Some of the incidents that target critical infrastructure have been called “killware,” even though the attacks don’t directly target human lives. However, the malware differs from regular exploits in that it disrupts hospitals, pipelines, water treatment plants, and other critical infrastructure that directly impacts people.
- Attacks on the network edge – The increase in the number of people working remotely has led to an exponential expansion of new network edges, which has significantly expanded the attack surface and exposed corporate networks to many of the threats to residential networks. Because of this increase in network edges, there are more opportunities for “living off the land” threats. This type of threat involves using malware created from existing toolsets and capabilities, so the attacks and data exfiltration appear to be normal system activity. Living off the land attacks are sometimes combined with edge access trojans (EATs). The malware located in these edge environments uses local resources to observe activities and data at the edge and then steal, hijack, or ransom critical systems, applications, and information.
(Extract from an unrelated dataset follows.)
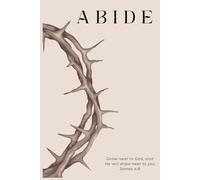 ABIDE Christian Fasting & Prayer Journal [LO]: Minimalist Guided Fasting & Prayer Testimony Notebook /Christian Gift for Teenagers Men & Women/Bible Study Supplies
All of these threats amply show why organizations must prioritize cybersecurity. Threats aren’t going away, so organizations need an integrated, coordinated approach to security instead of attempting to assemble a collection of point products. Instead of adding yet another security product to solve a problem, organizations should consider a cybersecurity mesh platform approach to security for unified visibility, automated control, and coordinated protection.